_WHAT TO PRODUCE:_ Please give the lines below again exactly as they stand, from the one that contains "SHOOT AF Kit" up to and including the one that contains "Metal Wall Music Notes Musical Sound Bar on sale Metal", leaving all pictures out.

_THE DATA:_
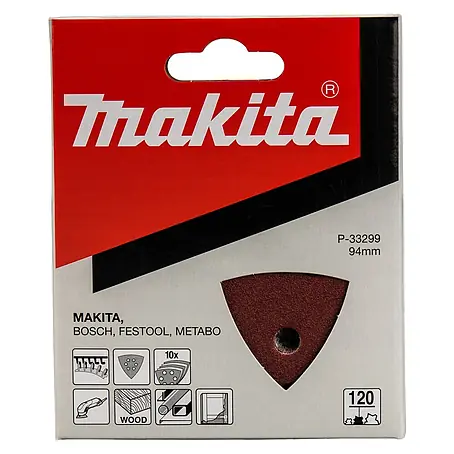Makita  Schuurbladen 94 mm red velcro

--

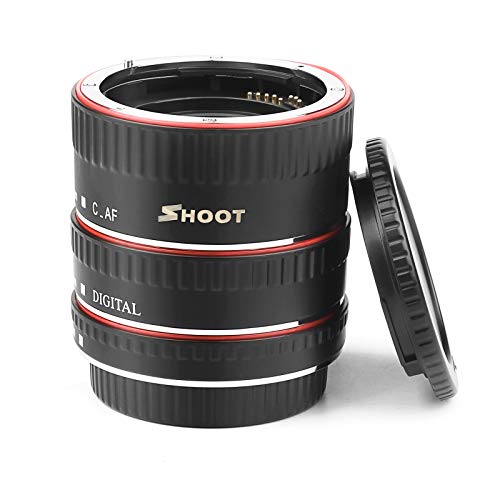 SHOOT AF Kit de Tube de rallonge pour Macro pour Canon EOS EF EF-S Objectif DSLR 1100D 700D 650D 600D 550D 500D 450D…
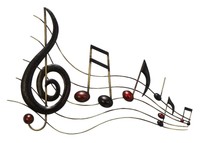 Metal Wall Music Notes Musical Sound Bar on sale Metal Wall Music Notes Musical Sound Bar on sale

_ANSWER BELOW:_
 SHOOT AF Kit de Tube de rallonge pour Macro pour Canon EOS EF EF-S Objectif DSLR 1100D 700D 650D 600D 550D 500D 450D…
 Metal Wall Music Notes Musical Sound Bar on sale Metal Wall Music Notes Musical Sound Bar on sale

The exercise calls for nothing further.